» GOAL OF THE EXERCISE
Wherever the line with "Palace Pertex Opaque Balaclava Puffa Black" sits in the listing below, transcribe from it up to and including the line with "5 Photograph of", exactly, and leave the remaining lines out.

--------------------------------------------------

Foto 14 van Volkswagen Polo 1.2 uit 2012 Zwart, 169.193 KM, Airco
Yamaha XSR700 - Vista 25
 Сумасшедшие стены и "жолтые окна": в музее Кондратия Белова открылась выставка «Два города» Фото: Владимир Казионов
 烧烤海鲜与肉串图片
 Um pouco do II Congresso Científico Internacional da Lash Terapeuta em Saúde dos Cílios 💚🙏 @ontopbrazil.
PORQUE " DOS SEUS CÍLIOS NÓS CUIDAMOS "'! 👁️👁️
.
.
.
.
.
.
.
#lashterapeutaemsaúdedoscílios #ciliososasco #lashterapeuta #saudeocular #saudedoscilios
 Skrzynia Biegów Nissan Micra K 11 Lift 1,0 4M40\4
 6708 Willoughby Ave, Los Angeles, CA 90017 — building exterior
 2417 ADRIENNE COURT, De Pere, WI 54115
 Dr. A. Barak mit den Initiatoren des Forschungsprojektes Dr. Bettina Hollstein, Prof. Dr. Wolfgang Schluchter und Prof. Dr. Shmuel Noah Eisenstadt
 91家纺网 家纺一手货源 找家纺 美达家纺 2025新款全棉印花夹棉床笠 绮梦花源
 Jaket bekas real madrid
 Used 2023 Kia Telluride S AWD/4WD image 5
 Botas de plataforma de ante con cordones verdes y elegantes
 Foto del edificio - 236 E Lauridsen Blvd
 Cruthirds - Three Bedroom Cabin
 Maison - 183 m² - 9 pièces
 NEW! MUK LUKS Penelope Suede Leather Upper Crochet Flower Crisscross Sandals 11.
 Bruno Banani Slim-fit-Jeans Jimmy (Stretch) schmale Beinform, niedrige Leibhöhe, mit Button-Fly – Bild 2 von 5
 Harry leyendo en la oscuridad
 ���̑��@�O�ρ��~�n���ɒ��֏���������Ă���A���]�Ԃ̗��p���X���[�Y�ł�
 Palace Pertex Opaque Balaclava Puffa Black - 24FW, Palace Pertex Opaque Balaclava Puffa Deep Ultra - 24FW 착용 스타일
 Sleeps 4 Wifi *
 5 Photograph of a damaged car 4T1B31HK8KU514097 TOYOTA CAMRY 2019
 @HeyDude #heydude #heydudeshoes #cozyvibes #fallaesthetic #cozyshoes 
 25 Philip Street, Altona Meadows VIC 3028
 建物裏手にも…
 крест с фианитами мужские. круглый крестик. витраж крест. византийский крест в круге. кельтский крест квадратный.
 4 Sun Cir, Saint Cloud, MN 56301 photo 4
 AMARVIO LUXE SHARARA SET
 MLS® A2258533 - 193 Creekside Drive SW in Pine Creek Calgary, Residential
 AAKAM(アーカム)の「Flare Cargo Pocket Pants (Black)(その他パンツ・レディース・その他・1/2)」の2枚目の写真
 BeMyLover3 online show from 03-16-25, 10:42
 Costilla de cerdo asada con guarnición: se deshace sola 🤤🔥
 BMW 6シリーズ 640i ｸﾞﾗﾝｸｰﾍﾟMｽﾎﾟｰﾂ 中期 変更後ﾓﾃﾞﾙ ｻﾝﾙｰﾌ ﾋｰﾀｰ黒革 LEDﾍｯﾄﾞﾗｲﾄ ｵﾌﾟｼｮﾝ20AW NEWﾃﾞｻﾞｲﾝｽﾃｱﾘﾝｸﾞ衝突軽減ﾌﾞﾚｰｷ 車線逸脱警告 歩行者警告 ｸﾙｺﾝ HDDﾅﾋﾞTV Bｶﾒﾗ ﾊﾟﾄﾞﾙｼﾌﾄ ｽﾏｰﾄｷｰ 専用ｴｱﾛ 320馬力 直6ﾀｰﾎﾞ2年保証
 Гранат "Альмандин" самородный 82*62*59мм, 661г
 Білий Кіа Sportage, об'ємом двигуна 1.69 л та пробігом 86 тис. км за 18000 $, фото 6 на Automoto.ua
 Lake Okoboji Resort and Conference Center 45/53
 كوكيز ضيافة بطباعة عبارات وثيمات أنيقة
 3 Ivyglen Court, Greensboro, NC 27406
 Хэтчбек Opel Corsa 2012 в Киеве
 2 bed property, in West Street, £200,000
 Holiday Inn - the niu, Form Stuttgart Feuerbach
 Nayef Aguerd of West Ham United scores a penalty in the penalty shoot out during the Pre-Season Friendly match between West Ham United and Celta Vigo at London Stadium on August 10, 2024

--------------------------------------------------

» RESULT FOR THIS TASK
 Palace Pertex Opaque Balaclava Puffa Black - 24FW, Palace Pertex Opaque Balaclava Puffa Deep Ultra - 24FW 착용 스타일
 Sleeps 4 Wifi *
 5 Photograph of a damaged car 4T1B31HK8KU514097 TOYOTA CAMRY 2019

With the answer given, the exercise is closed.